Can we send logs to different outputs depending on filename they come from?

RITZ_VERMA · July 30, 2019, 3:58am

in logstash i am trying to send logs from different files to different elasticsearch depending on their filename. is this possible?

rugenl · July 30, 2019, 12:20pm

Sure

output {
    if <your logic here> {
      elasticsearch {..first target..}
    } else {
      elasticsearch {..other target..}
    }
}

guyboertje · July 30, 2019, 2:14pm

@RITZ_VERMA

Do you mean a different cluster or a different index in the same cluster?

RITZ_VERMA · July 30, 2019, 5:50pm

In the same elastic cluster but on different indexes.i figured it out thanks

guyboertje · July 31, 2019, 8:22am

Did you figure out that the index setting can be interpolated from values held in the event itself?

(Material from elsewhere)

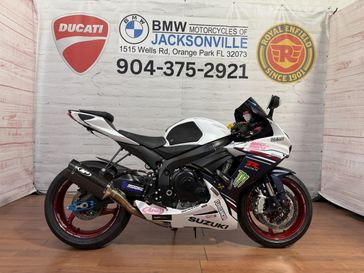 Used 2025 Suzuki GSXR 600R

This eliminates the logic in the output section.

From this:

    if [es_sub_index_] == "metrics" {
      elasticsearch { index => "app_metrics" }
    } else {
      elasticsearch { index => "app_logs" }
    }

to:

     elasticsearch { index => "app_%{es_sub_index}" ... }

You will still need some logic in the filter section to add a value to a field called es_sub_index but using interpolation means that the communication with ES will not be broken into smaller chunks that are less efficient. The full batch will be sent to ES in one REST call and the body contains the divisions. In English, something like "In this index put these docs then in this other index put these docs...".

Using logic in the output section will mean a separate REST call per conditional block and they are not parallelised.

RITZ_VERMA · August 8, 2019, 11:44pm

this make things a lot easier
thanks @guyboertje and apologies for late reply

system · September 5, 2019, 11:44pm

This topic was automatically closed 28 days after the last reply. New replies are no longer allowed.